Source records>
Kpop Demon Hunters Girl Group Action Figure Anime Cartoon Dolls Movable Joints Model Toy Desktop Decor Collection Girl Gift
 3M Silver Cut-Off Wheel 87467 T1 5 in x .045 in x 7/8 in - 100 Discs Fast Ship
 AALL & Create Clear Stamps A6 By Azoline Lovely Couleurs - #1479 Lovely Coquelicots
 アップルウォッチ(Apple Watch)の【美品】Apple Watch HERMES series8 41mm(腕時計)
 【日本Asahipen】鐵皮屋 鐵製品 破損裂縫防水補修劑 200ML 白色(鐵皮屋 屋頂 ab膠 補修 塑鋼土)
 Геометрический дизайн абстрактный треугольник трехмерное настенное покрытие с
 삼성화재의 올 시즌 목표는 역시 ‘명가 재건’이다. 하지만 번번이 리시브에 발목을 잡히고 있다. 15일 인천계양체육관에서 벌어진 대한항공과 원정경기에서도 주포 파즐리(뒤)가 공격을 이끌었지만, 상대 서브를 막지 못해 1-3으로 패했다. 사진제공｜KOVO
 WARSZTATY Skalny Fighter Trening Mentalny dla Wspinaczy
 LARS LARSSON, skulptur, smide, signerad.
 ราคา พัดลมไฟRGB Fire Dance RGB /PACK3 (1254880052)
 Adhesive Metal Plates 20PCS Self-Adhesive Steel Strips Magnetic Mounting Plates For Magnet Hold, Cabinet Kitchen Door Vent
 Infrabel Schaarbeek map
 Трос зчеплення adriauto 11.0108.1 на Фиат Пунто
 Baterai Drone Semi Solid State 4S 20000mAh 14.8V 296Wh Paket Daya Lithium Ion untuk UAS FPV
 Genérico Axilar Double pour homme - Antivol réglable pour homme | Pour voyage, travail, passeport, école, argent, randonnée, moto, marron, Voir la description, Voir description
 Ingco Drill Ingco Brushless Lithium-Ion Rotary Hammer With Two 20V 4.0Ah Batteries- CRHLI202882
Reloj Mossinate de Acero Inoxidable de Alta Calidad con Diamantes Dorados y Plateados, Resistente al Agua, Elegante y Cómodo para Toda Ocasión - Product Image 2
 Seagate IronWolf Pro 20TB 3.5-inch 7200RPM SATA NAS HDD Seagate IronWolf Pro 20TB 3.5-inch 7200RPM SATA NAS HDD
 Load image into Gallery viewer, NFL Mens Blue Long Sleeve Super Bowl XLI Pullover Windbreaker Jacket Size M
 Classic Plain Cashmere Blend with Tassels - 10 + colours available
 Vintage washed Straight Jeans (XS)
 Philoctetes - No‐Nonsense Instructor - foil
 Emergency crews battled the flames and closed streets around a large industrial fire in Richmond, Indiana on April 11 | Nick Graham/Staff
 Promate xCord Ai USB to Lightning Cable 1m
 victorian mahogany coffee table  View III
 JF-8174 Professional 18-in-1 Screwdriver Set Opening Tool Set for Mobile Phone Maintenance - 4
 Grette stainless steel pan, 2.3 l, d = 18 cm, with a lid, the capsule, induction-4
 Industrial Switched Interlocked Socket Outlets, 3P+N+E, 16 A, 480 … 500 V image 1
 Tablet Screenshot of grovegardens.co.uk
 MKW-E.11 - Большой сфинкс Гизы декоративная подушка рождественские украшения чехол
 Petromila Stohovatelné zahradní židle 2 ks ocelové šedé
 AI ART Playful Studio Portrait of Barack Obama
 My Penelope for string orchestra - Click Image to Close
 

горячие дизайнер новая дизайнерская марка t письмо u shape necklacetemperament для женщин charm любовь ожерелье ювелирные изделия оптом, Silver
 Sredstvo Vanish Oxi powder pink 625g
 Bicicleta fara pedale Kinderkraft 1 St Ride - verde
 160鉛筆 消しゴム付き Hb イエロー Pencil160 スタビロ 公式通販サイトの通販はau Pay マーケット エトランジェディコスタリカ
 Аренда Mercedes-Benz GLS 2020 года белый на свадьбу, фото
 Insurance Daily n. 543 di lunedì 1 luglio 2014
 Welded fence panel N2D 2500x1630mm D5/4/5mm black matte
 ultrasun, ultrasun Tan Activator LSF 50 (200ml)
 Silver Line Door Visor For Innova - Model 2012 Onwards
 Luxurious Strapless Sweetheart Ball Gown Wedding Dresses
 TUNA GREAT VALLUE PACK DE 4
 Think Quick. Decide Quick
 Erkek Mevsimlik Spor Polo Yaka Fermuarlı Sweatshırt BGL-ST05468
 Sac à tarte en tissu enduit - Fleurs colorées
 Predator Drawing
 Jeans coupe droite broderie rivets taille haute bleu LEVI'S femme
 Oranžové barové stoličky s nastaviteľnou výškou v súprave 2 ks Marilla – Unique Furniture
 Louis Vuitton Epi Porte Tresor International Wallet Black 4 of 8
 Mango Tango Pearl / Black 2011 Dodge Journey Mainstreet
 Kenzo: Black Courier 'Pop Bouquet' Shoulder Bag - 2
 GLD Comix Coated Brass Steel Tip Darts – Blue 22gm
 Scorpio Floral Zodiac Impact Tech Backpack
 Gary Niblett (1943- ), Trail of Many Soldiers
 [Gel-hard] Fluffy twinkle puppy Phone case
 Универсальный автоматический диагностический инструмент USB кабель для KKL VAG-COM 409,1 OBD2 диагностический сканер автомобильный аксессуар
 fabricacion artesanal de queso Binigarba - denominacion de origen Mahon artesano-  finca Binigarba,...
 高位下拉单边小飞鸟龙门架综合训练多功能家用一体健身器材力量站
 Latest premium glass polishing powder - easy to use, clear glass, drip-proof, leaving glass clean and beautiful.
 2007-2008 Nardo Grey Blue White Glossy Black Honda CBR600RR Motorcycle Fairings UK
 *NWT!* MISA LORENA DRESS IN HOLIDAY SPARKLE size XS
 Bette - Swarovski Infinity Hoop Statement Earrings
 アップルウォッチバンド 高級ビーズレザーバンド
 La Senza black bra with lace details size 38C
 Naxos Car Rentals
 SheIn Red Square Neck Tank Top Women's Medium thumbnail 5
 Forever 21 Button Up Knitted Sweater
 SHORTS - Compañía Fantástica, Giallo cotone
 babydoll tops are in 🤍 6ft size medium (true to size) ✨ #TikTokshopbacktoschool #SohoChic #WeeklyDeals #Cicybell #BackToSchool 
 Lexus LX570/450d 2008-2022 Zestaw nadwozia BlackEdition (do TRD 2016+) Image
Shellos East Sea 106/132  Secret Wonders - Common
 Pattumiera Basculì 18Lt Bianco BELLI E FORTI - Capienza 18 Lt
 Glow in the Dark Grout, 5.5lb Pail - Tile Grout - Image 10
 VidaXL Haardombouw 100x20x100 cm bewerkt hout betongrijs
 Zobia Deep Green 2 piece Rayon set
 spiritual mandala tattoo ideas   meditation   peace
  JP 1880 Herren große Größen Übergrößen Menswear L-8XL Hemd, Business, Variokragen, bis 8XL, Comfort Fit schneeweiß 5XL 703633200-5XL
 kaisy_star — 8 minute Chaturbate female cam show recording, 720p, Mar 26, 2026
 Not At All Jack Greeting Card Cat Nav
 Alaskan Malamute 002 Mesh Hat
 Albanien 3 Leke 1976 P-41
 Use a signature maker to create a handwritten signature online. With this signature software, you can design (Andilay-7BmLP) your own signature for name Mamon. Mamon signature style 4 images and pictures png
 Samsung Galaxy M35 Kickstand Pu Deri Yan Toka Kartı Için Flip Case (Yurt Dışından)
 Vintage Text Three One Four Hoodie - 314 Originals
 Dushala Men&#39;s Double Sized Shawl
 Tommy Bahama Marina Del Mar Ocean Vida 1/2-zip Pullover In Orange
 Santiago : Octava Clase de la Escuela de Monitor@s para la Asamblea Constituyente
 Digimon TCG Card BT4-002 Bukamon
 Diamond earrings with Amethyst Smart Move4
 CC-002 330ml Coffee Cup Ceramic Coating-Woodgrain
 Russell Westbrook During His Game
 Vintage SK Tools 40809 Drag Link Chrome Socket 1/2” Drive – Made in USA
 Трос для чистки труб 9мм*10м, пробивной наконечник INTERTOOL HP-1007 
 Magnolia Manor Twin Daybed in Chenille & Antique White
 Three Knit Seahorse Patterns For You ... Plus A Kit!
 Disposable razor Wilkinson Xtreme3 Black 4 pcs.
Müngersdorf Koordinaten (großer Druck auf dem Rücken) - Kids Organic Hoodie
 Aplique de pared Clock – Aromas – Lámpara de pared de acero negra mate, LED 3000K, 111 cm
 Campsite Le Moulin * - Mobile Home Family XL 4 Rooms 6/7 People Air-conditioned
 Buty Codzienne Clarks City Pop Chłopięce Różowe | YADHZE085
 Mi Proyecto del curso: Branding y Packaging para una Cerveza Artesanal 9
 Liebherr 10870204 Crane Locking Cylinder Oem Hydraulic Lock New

The task>
Your job is to copy out every line from the records above that has the word "Model".

Result>
Kpop Demon Hunters Girl Group Action Figure Anime Cartoon Dolls Movable Joints Model Toy Desktop Decor Collection Girl Gift
 Silver Line Door Visor For Innova - Model 2012 Onwards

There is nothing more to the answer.